Впрочем, поохав да посудачив, скорехонько и успокоились, сойдясь на том, что, видимо, Есин — “великий эконом”, не в пример теоретику Новикову, и, поскольку Литинститут уцелел (преподаватели перестали искать работу, студенты — приработок), к этому вопросу больше не возвращались. И не возвратились бы, кабы... в очередной сезон засолки огурцов — маломерных, пупырчатых, готовых спрыгнуть, спружинившись, в фаянсовые кадушечки для солений, — г-н Ректор не встал за стремянку. Это вы, безграмотные, ничего не понимающие ни в технике, ни в гигиене умственного труда стародумы, “творите” за письменным столом. Есин же сочиняет стоя, и не за антикварной конторкой, как некоторые писцы прошлого века, а за стремянкой, каковую сладил для знатного дачника “замечательный умелец”. Чудо, а не стремянка! Из дерева, на шипах, с любовно обструганными ступеньками и верхней площадкой! И ростом вровень — аккурат по пояс. А работается за ней как! “Наклюю ровно две фразы, отойду, как петух, искоса посмотрю чего-нибудь на террасе — я обычно пристраиваюсь на террасе, где у меня инструменты и в цветочных горшках растут мелкие, шпалерные, похожие на рябину помидоры, — поправлю, переложу стамески, опять напишу две фразы, подвяжу ветку и снова к тексту”. И так изо дня в день в течение всего огуречного сезона: “Приезжаешь на дачу, ставишь машину, как во сне что-то стругаешь себе на салат, откручиваешь кран, чтобы вода из шланга текла под яблоню, жаришь яичницу, пьешь чай и скорее, скорее на террасу, к стремяночке и пишущей машинке...”

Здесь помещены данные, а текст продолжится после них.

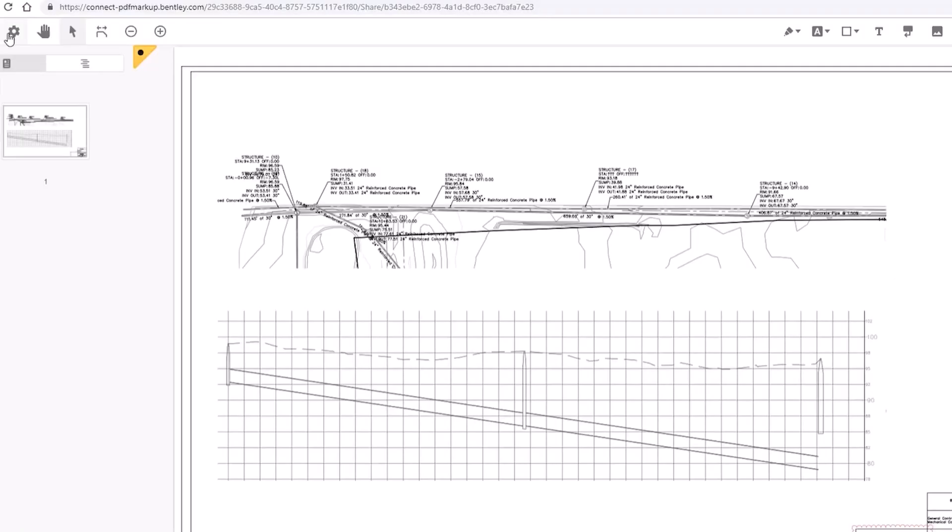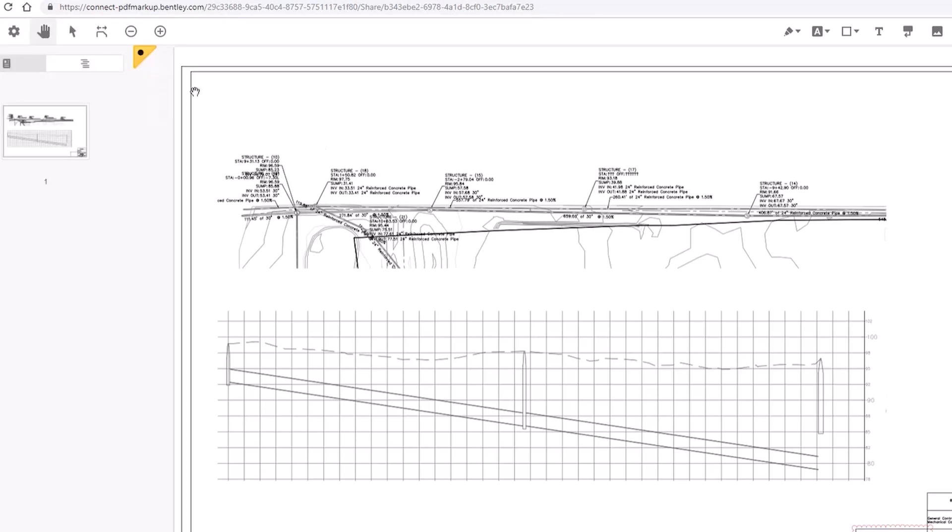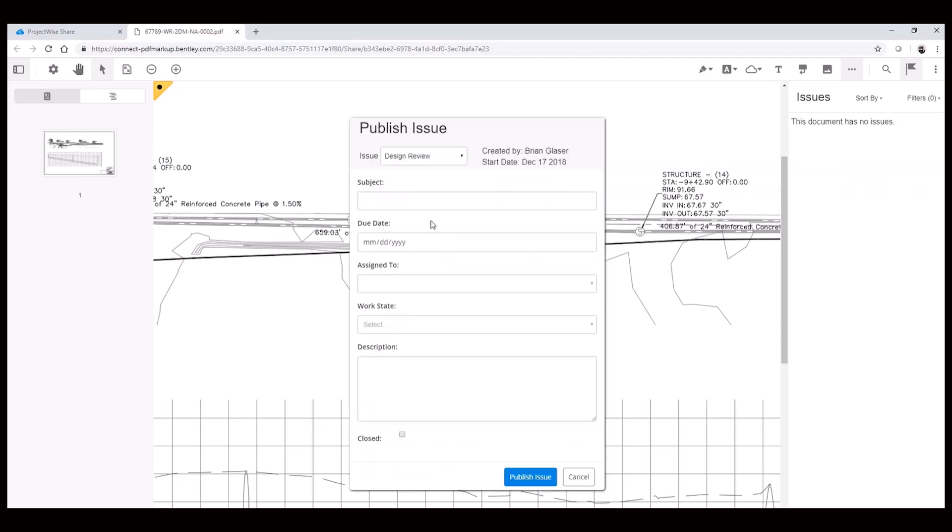The PDF markup tool will automatically launch in the new web browser tab. Standard PDF manipulation and markup functions make it easy to annotate, create shapes, highlight critical areas, and even create issues that can be assigned to the appropriate colleague for review or correction.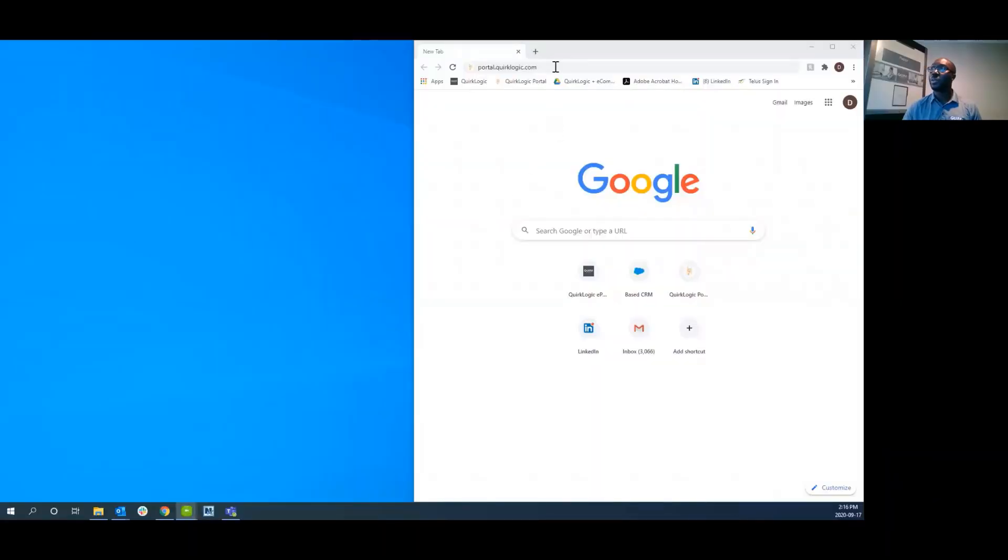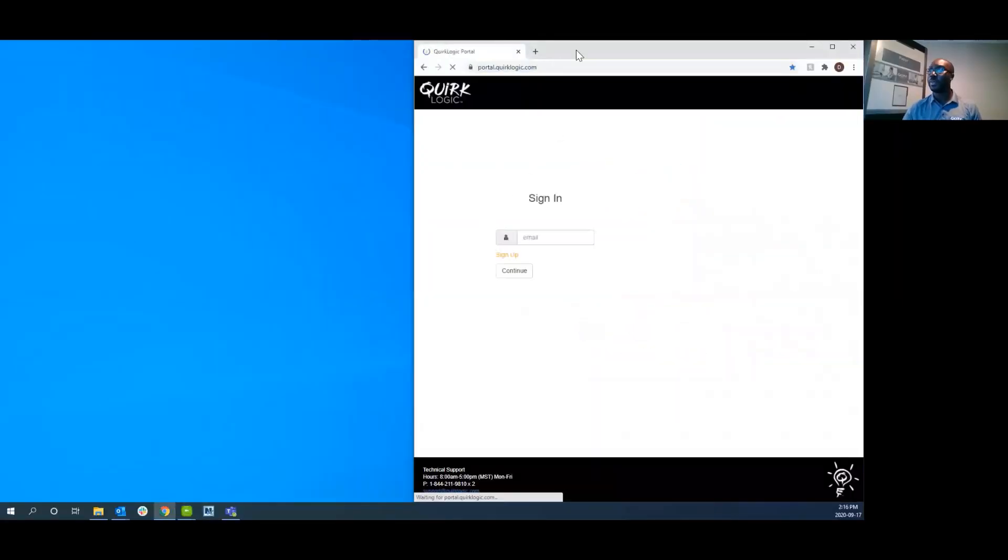First thing I'm going to do is share my screen. You'll go to portal.quirklogic.com and proceed to log in.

Тише едешь — дальше будешь: по зернышку, по фразочке — и наклевал наш бойцовый петух под видом свободного отступления от так и не написанного свободного романа (кому они, романы, нынче нужны?) групповой портрет вверившегося ему литинститутского сообщества. Точнее, размножил с помощью верной стремянки и преданной — без лести — пишущей машинки содержимое заведенных в период предвыборной кампании пространных досье (на всех действующих лиц выборной комедии), педантично разложив папочки на две стопки: в одной — злодеи-супротивники, люди проректора и экс-ректора, в другой — враги потенциальные, то есть нейтралы, равнодушные и колеблющиеся.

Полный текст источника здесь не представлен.